HomeDefectsLIN1022-5510
Fixed

LIN1022-5510 : Bash: shell script rarely won't stop by ctrl-c

Created: Oct 2, 2023    Updated: Jan 9, 2024
Resolved Date: Dec 22, 2023
Found In Version: 10.22.33.12
Fix Version: 10.22.33.14
Severity: Standard
Applicable for: Wind River Linux LTS 22
Component/s: Userspace

Description

At the problem, the test shell script never returns to shell.
The problem happens once in a few days.

bash register a SIGINT handler wait_sigint_handler() in addition to original SIGINT handler of bash.
At the registration, the original SIGINT handler saved to old_sigint_handler pointer.
(See wait_for())

When SIGINT happens by ctrl-c, wait_sigint_handler() will be invoked first. the wait_sigint_handler()
restores the original SIGINT handler from old_sigint_handler pointer as primary SIGINT handler
by restore_signal_handler(), then send kill(SIGINT) to itself.
As a consequence, the original handler will be invoked.
(See wait_sigint_handler())

According to the customer's debugging and analysis, there is a small window in wait_for() 
which causes the problem.
If SIGINT happens during the window, the original SIGINT handler is never be saved to old_sigint_handler.
So, restore_sigint_handler() will do nothing. Sending kill(SIGINT) to itself just invokes itself(wait_sigint_handler)
again.
The restore_sigint_handler() and kill(SIGINT) cycle will never be stopped. Therefore the shell script never return
to shell.

<bash/5.1.16-r0/bash-5.1.16/jobs.c>

int
wait_for (pid, flags)
pid_t pid;
int flags;
{
...
/* This is possibly a race condition – should it go in stop_pipeline? */
wait_sigint_received = child_caught_sigint = 0;
if (job_control == 0 || (subshell_environment&SUBSHELL_COMSUB))
{
SigHandler *temp_sigint_handler;

/* Small window begin. added by the reporter */

temp_sigint_handler = set_signal_handler (SIGINT, wait_sigint_handler);
if (temp_sigint_handler == wait_sigint_handler)

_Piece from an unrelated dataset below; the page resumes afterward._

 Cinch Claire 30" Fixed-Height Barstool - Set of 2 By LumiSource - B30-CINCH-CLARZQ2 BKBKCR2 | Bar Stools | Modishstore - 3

{ #if defined (DEBUG) internal_warning ("wait_for: recursively setting old_sigint_handler to wait_sigint_handler: running_trap = %d", running_trap); #endif }

else

/* Small window end. added by the reporter */

old_sigint_handler = temp_sigint_handler;

waiting_for_child = 0;
if (old_sigint_handler == SIG_IGN)
set_signal_handler (SIGINT, old_sigint_handler);
}
...
}

static sighandler
wait_sigint_handler (sig)
int sig;
{
...
/* XXX - should this be interrupt_state? If it is, the shell will act
as if it got the SIGINT interrupt. */
if (waiting_for_child)
wait_sigint_received = 1;
else

{ set_exit_status (128+SIGINT); restore_sigint_handler (); kill (getpid (), SIGINT); }

...
}

static void
restore_sigint_handler ()
{
if (old_sigint_handler != INVALID_SIGNAL_HANDLER)

{ set_signal_handler (SIGINT, old_sigint_handler); old_sigint_handler = INVALID_SIGNAL_HANDLER; waiting_for_child = 0; }

}

Steps to Reproduce

Hard to reproduce the problem unless you add sleep(1) to the wait_fo() like as attached "jobs.c".
I reproduce the problem easily on qemux86-64 target with the modification.

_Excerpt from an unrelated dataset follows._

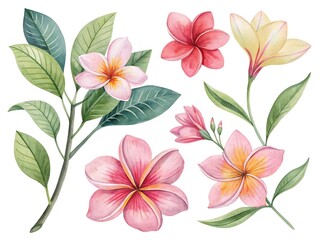 Watercolor Flower and leaf collection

Here are steps to reproduce the problem.

1 mkdir qemux86_64
2 cd qemux86_64
3 git clone --branch WRLINUX_10_22_LTS https://gateway.delivers.windriver.com/git/linux-lts/release/wrlinux-lts.22/WRLinux-lts-22-Core/wrlinux-x
4 ./wrlinux-x/setup.sh --machines qemux86-64 --dl-layers
5 . ./environment-setup-x86_64-wrlinuxsdk-linux
6 . ./oe-init-build-env
7 Change BB_NO_NETWORK of conf/local.conf from '1' to '0' like below.

    BB_NO_NETWORK ?= '0'
    
8 Unpack and patch bash source files.

    bitbake bash -c patch
    
9 Replace below source file with attached "jobs.c".

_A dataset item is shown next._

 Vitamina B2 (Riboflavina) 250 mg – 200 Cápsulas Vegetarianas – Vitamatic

    tmp-glibc/work/core2-64-wrs-linux/bash/5.1.16-r0/bash-5.1.16/jobs.c

10 Complete the platform build.

    bitbake wrlinux-image-small
    
11 Run the QEMU target.

    runqemu qemux86-64 nographic
    
12 login to the QEMU target as root.
13 Create a shell script file like as attached "test.sh".
14 chmod +x test.sh
15 Run the script.

    ./test.sh

16 Type ctrl-c from keyboard. See if the script returns to bash shell.